Africa-Press – Lesotho. AT least 3 000 workers at the Ace Apparel International factory in Maputsoe were left in the lurch this week after bosses surreptitiously shut down the factory and fled the country.
The workers were due to receive their salaries next week before the Christmas holidays. The company was operating two factories with each employing at 1 500 workers. The factory is owned by two shareholders, one from South Africa, while the other investor is from Australia.
“Their running away has affected the employees emotionally as they are owed salaries and are going to the Christmas holidays without pay,” Labour Minister Tšeliso Mokhosi said.
“We are not happy with what the two investors did,” he said. He said the government has been frantically looking for the factory owners.

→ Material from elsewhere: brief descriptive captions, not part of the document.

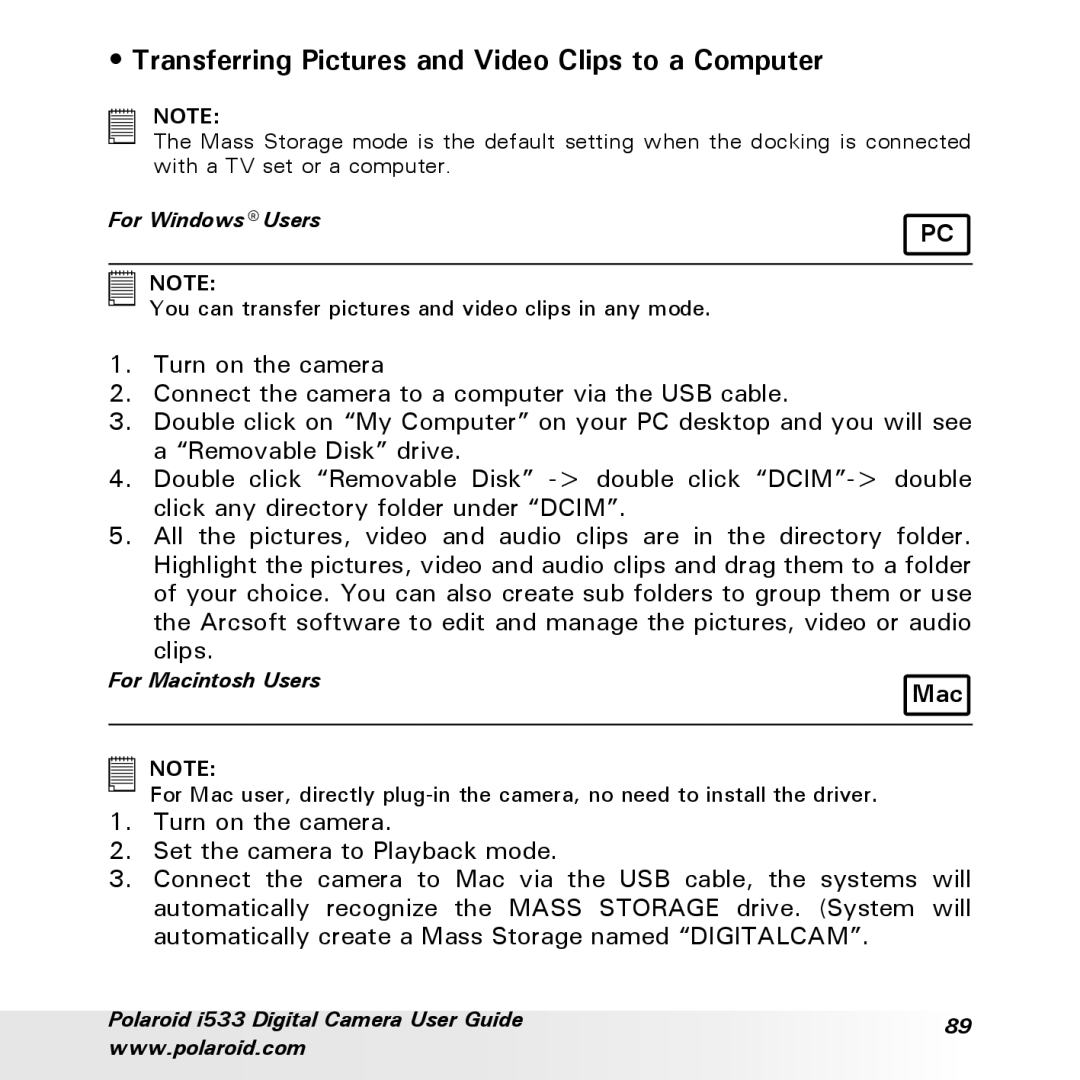 Polaroid I533 manual Transferring Pictures and Video Clips to a Computer 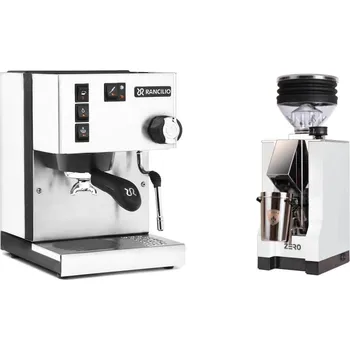 Kávovar Rancilio Silvia BC, white + Eureka Mignon Zero, CR white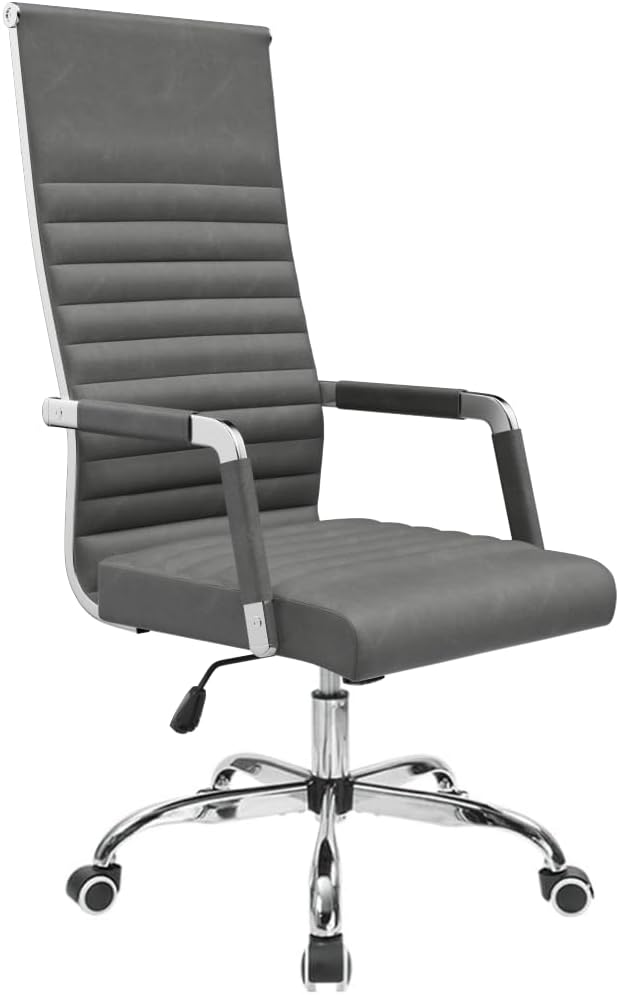 Furmax Ribbed Office Chair High Back PU Leather Executive Conference Chair Adjustable Swivel Chair with Arms, Black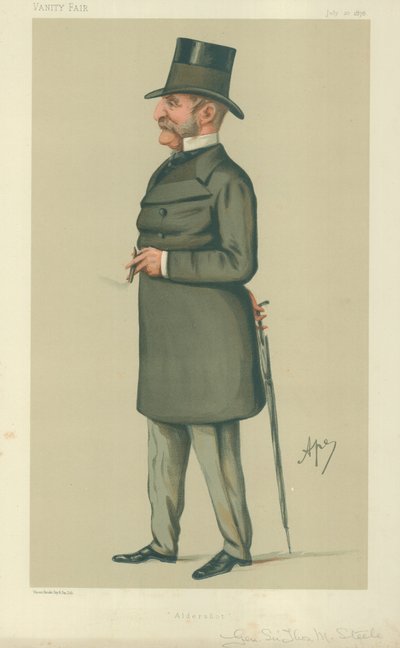 General Sir Thomas Montagu Steele, Aldershot, 20 juli 1878, tecknad serie Vanity Fair av Carlo Pellegrini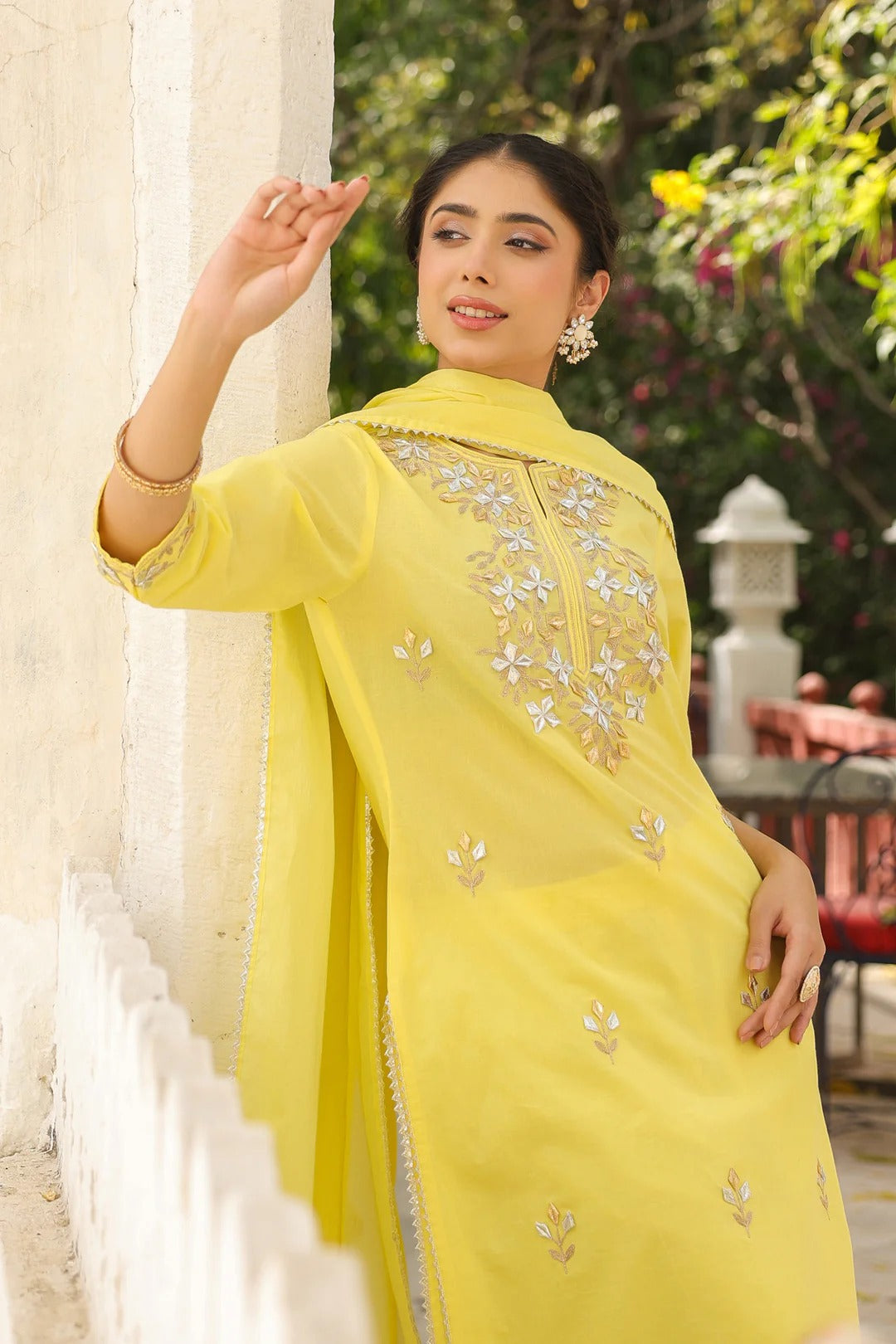Yellow Cotton Cambric Gota Patti Embroidered Straight Suit Set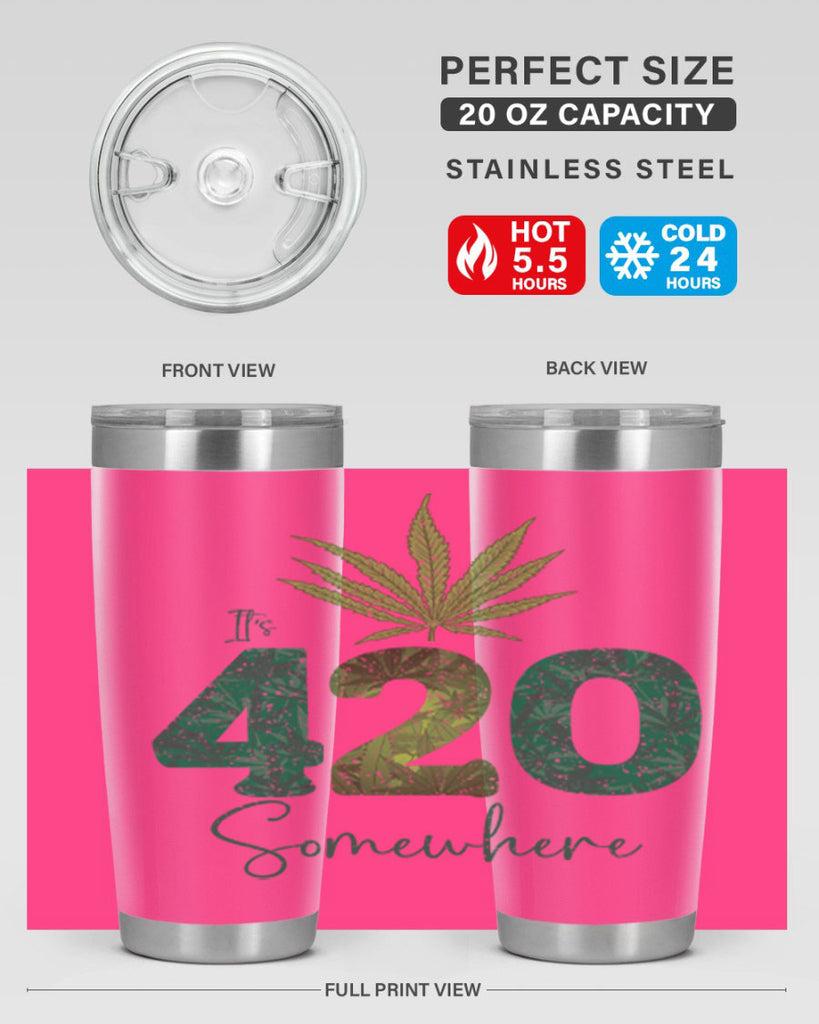 Its 420 Somewhere Sublimation 159#- marijuana- Tumbler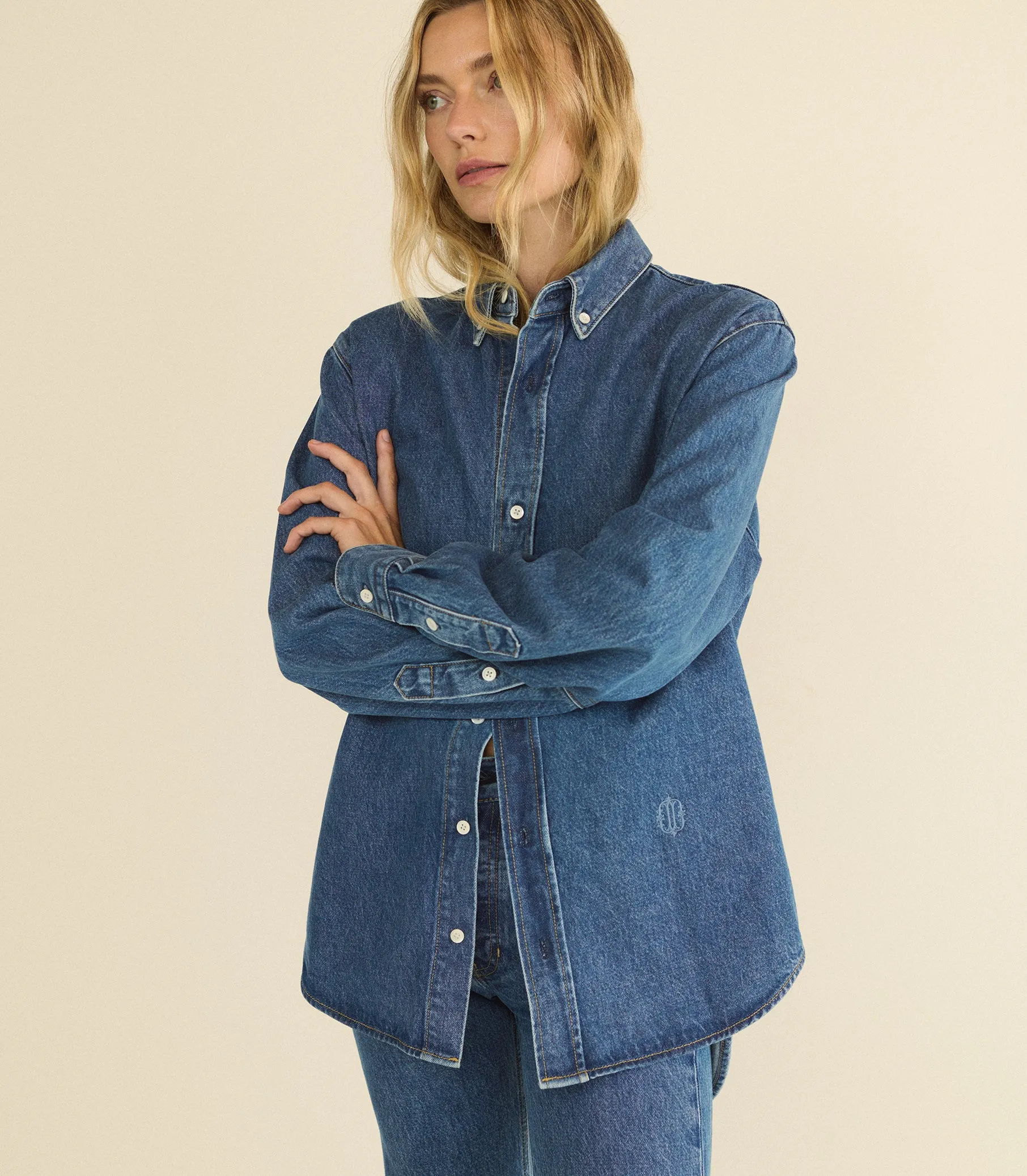BACALL SHIRT -- ROUSSILLON MID WASH sold by Doen product image thumbnail 5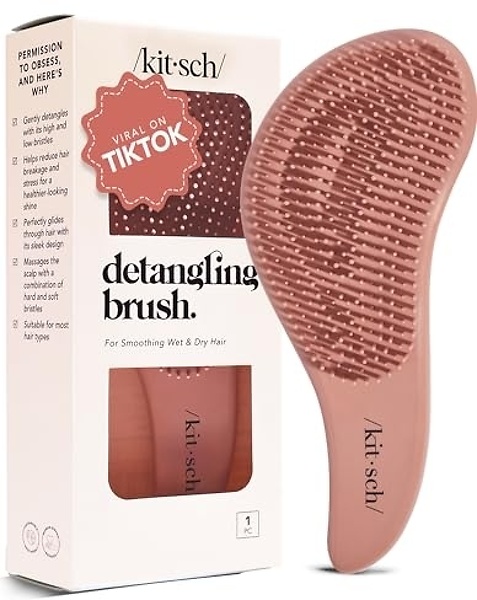 Kitsch Detangler Brush – Gentle Curly Hair Brush All Hair Types, Terracotta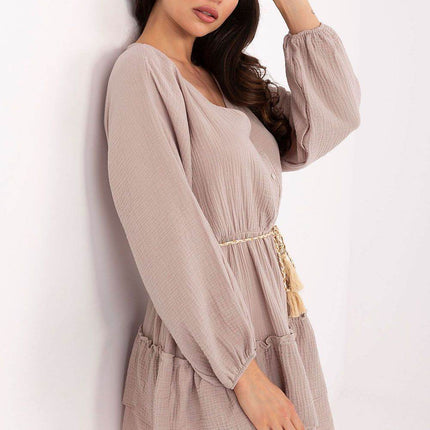 Boho Muslin Mini Dress with Puffy Sleeves - MimiStylez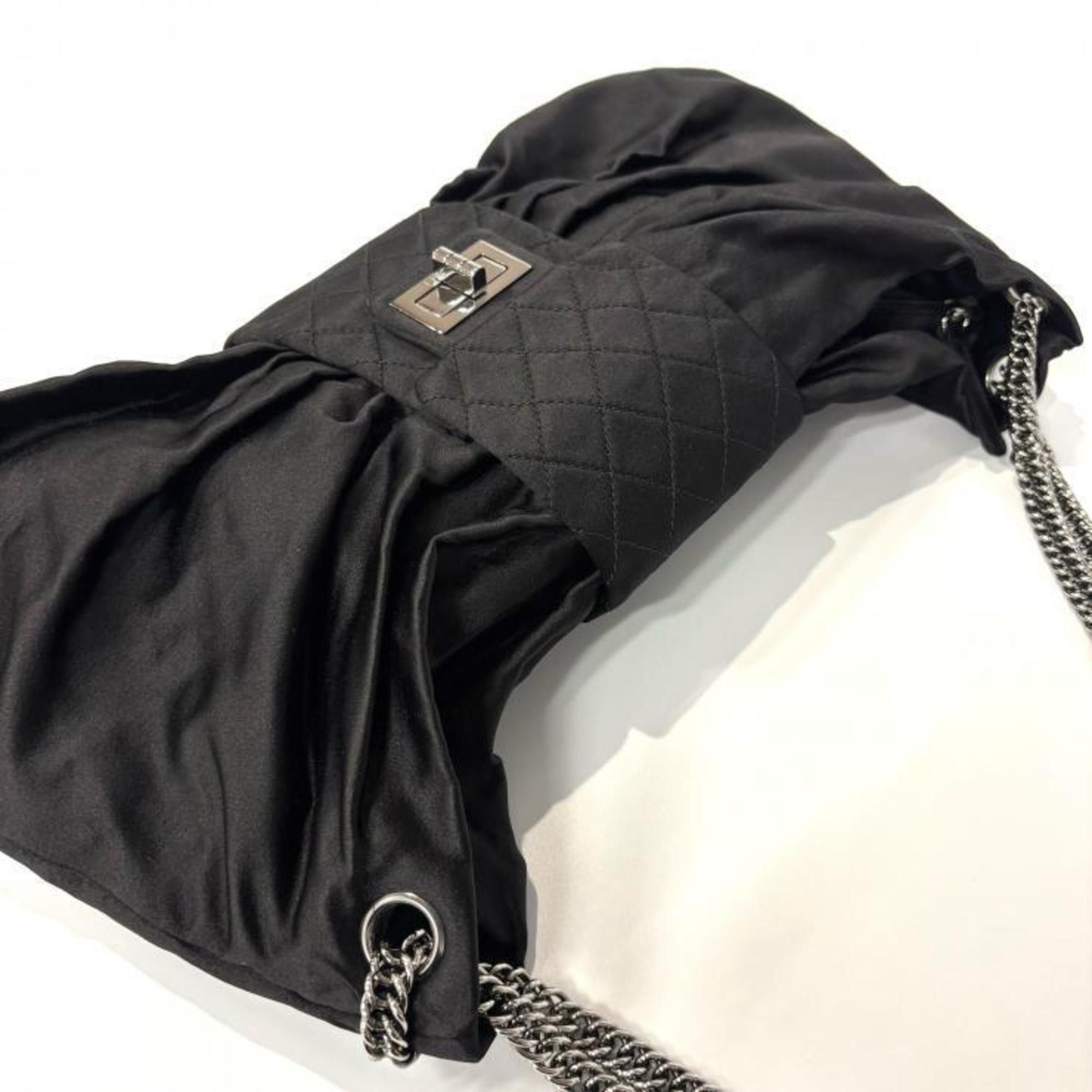 Chanel CHANEL 2.55 Chain Ribbon Shoulder Bag in Black Satin with Silver Hardware. Size ONE SIZE - 5 Thumbnail
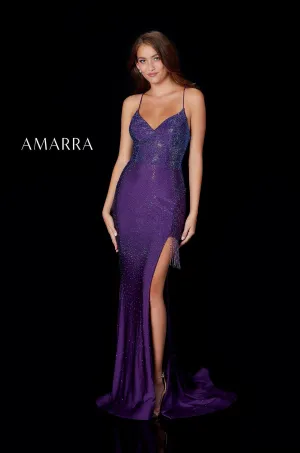 Amarra 87264 Size 0 Plum Long Fitted Side Slit Fringe Prom Dress Formal Backless Gown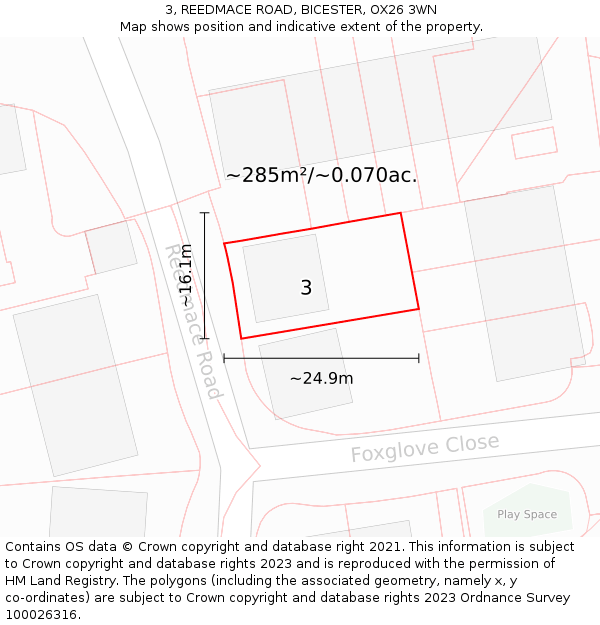 3, REEDMACE ROAD, BICESTER, OX26 3WN: Plot and title map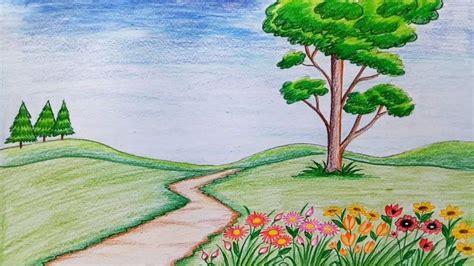 How to draw scenery of flower garden step by step (very easy) | Paisajes dibujos, Paisajes para ...
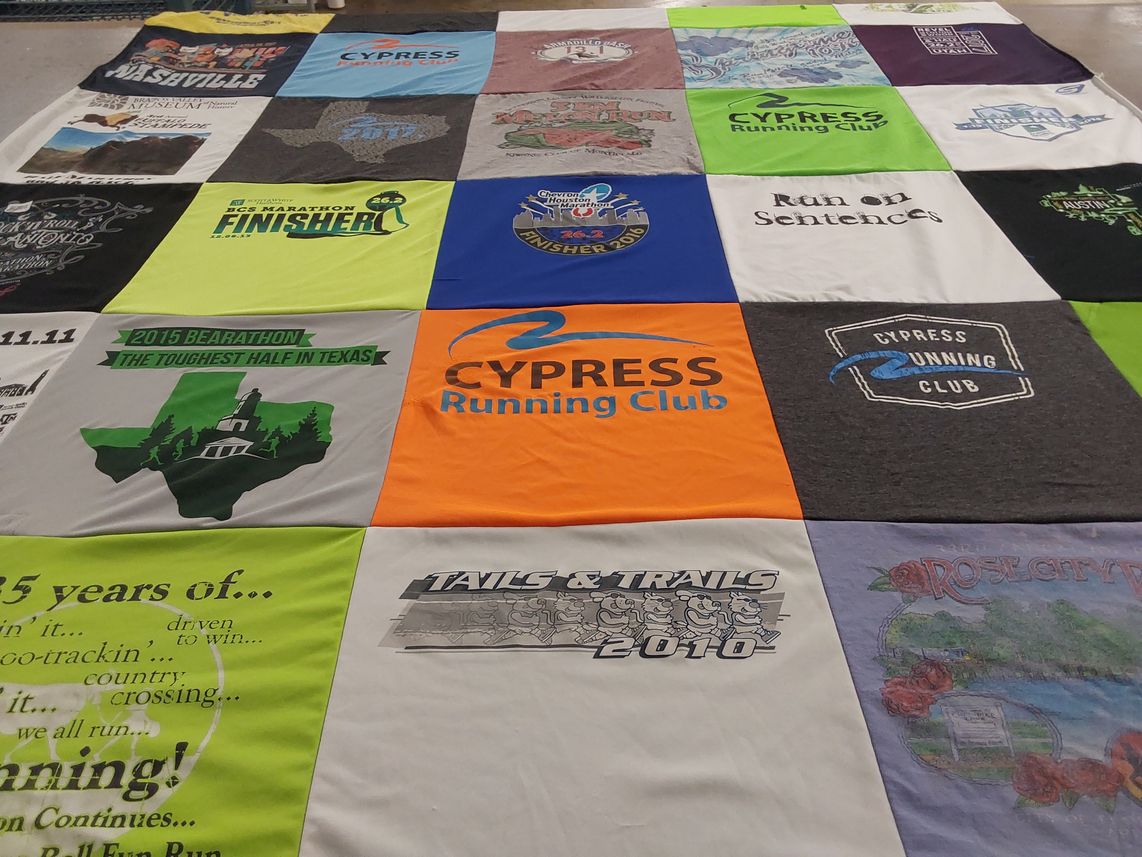 T-shirt quilt with running, races themes by Nancy from TX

“They are nowhere to be found, one is from South Africa while the other comes from Australia,” Mokhosi said.
He said they have since found out that the duo had sold a farm where they were staying in Ficksburg in South Africa. “This shows that they wanted to leave no trace behind,” he said.
He added that they also investigated the factory’s debts to find out if the duo had fled due to their hefty credits “but, it is one of the factories that was performing well, they also pay their employees well, they do not even owe the Revenue Services Lesotho a penny”.
Mokhosi said the two unoccupied factories still have all the necessary equipment to carry on with production. “We also found the newly arrived cloth material that can kick-start production anytime,” he said.
He said together with the Trade Minister Mokhethi Shelile they have decided to call a factory expert today to inspect the factories and see how they can be re-opened.
“The person is the supplier of cloth to the same company,” he said.
He also said they are engaging the expert to run the business so that the workers do not lose jobs and salaries at the same time. He said the workers are owed their salaries and overtime pay.
One of the employees, Pulane Lekhanya, told thepost that they are slowly sinking into depression. “We were surprised on arrival at the workplace on Monday because the locks at the gate were changed,” Lekhanya said.
She said what hurts them most is the fact that it is December and “our children’s clothes are still in the shop as we do lay-byes, how do we get them released?”
She added that she does not even have money to travel back to Thaba-Tseka, her home district. “We were expecting our December salary including overtime.
I am personally expecting to get my M5 000 salary, including my overtime payment. ” She applauded the Sam Matekane-led government for intervening to solve the problem, “but, we are wondering if they will fulfil their promises”.
She said their landlords were already demanding rentals where they stay. The National Clothing, Textile and Allied Workers Union (NACTWU) Deputy Secretary-General Tšepang Makakole said workers found that the owners had fled when they reported for work.
He said the owners changed the locks before fleeing. “It was unfortunate that Monday morning when the employees were reporting for work they found the doors closed and the factory owners were nowhere to be found and their phones were unavailable,” Makakole said.
He added that both NACTWU and the Lesotho National Development Corporation (LNDC) are on track to finding them. “We have reported the issue to the government and they are working on finding them,” he said. He said they know that the owners live in South Africa.